Previously, PCA was used for dimension but it is not that great since the cluster was very close. Sample will have a chance to be predicted as a wrong target.

In [None]:
from sklearn.decomposition import PCA
from sklearn.preprocessing import StandardScaler

ss = StandardScaler()
X_scaled = ss.fit_transform(X)
pca = PCA(n_components = None)
L = pca.fit_transform(X_scaled)

Let's recap for the scatter plotted by using the first two components

In [None]:
def pca_scatter(pca, standardised_values, classifs):
    foo = pca.transform(standardised_values)
    bar = pd.DataFrame(zip(foo[:,0], foo[:,1], classifs), columns = ["PC1","PC2","Class"])
    sns.lmplot(data = bar, x = "PC1", y = "PC2", hue = "Class", fit_reg = False)
    
pca_scatter(pca, X_scaled, y)

Instead of PCA or t-SNE, UMAP was another great technique to reduce the dimension and form cluster. With this model, it may be helpful to classify our sample.

In [None]:
from umap import UMAP
import warnings
warnings.filterwarnings("ignore")

# create the UMAP model
reducer = UMAP(n_components = 2, n_neighbors = 10)

# fit and transform all the data with training data set
embedding = reducer.fit_transform(X_train)

Let's plot and check with the cluster according to the target class

In [None]:
# plot a scatter plot and check with the class
plt.scatter(embedding[:,0], embedding[:,1], s = 5, c = y_train, cmap = 'Spectral')
# set the axis and limit equal
plt.gca().set_aspect('equal', 'datalim')
# set the title
plt.title('Visualizing data with UMAP', fontsize= 24)
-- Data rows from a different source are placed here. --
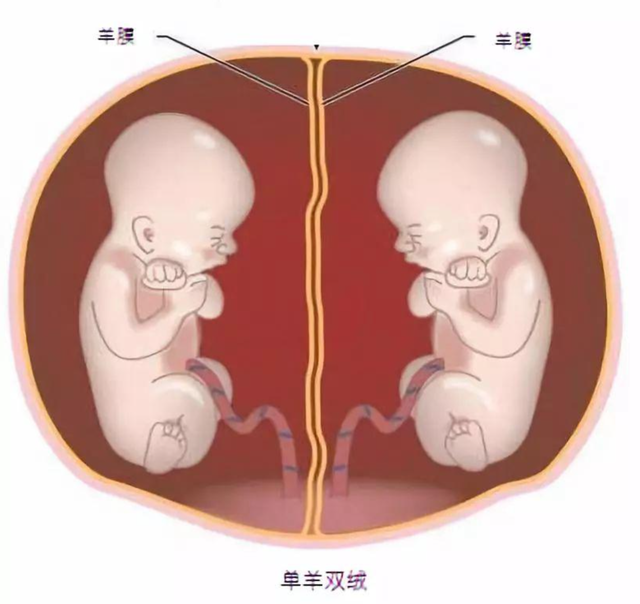 怀上双胞胎全家欣喜若狂，生产时看到两个男孩，医生摇头：活不长
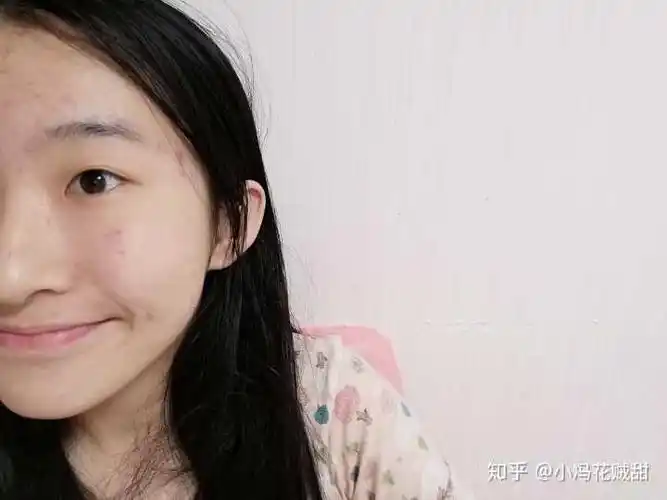 话不多说 放图 左边脸不笑 (忽略痘痘)懒得p掉了 以前只知道脸上窝窝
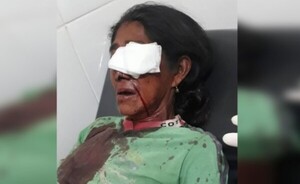 Nativa es herida de un disparo en el rostro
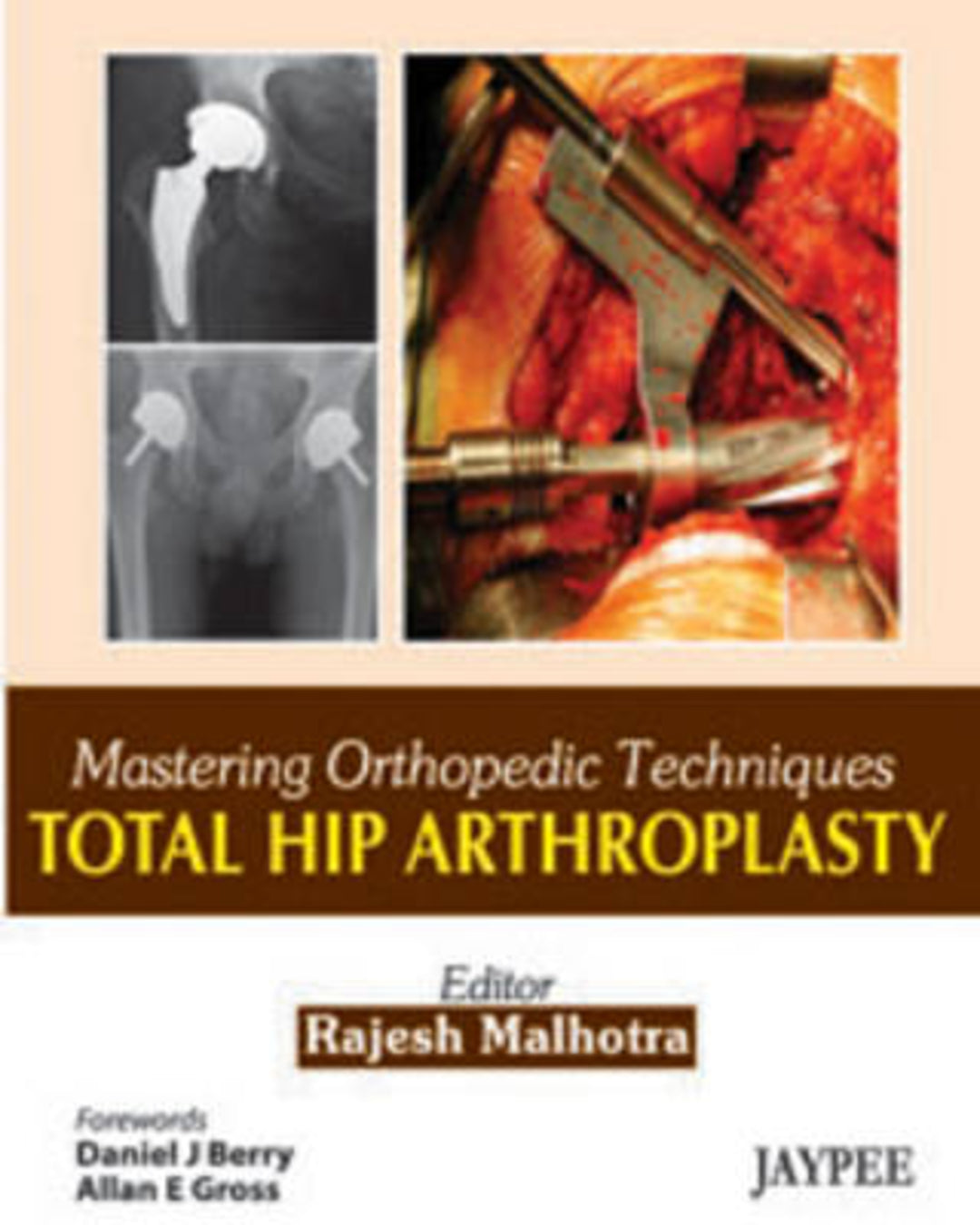 Cover image for Mastering Orthopedic Techniques: Total Hip Arthroplasty ISBN 9788184488982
It seems that there is no pattern with UMAP. It may not be a good way to get a high accuracy. Let's try and check with the accuracy with XGBoost.

In [None]:
from sklearn.pipeline import Pipeline

# create the model for dimension reduction & xgboost
_umap = UMAP(n_components = 2, n_neighbors = 10)
_xgboost = XGBClassifier(objective = 'multi:softmax', booster = 'gbtree',
                        eval_metric = 'auc', tree_method = 'hist', use_label_encoder = False,
                          learning_rate = 0.1, max_depth = 8, n_estimators = 1000)
# create the pipeline for the progress
XGB_UMAP_model = Pipeline([
    ('umap', _umap),
    ('xgb', _xgboost)
])
# fit the training set into the pipeline for training
XGB_UMAP_model.fit(X_train, y_train)
# predict the validation set
y_pred = XGB_UMAP_model.predict(X_test)
# calculate the accuracy for the model
acc = accuracy_score(y_test, y_pred)
print(f'Accuracy: {acc}')

According to the validation accuracy, it seems UMAP may not be helpful for dimension reduction. May be dimension reduction is not a good technique for this data set. Let's try to predict the final test set and check with the accuracy.

In [None]:
predictions = XGB_UMAP_model.predict(df_test)

In [None]:
# take the result appeared most in 5-fold result and generate the submission to test the accuracy
from scipy.stats import mode
xgb_result = pd.DataFrame()
xgb_result['row_id'] = df_test.index
xgb_result['target'] = predictions
xgb_result['target'] = xgb_result['target'].map(reverse_target)
xgb_result.to_csv("xgb_UMAP_submission.csv", index = False)

The accuracy (0.78098)for using UMAP was terrible and it is great to know about the preview of UMAP scatter plot do really helpful for the accuracy.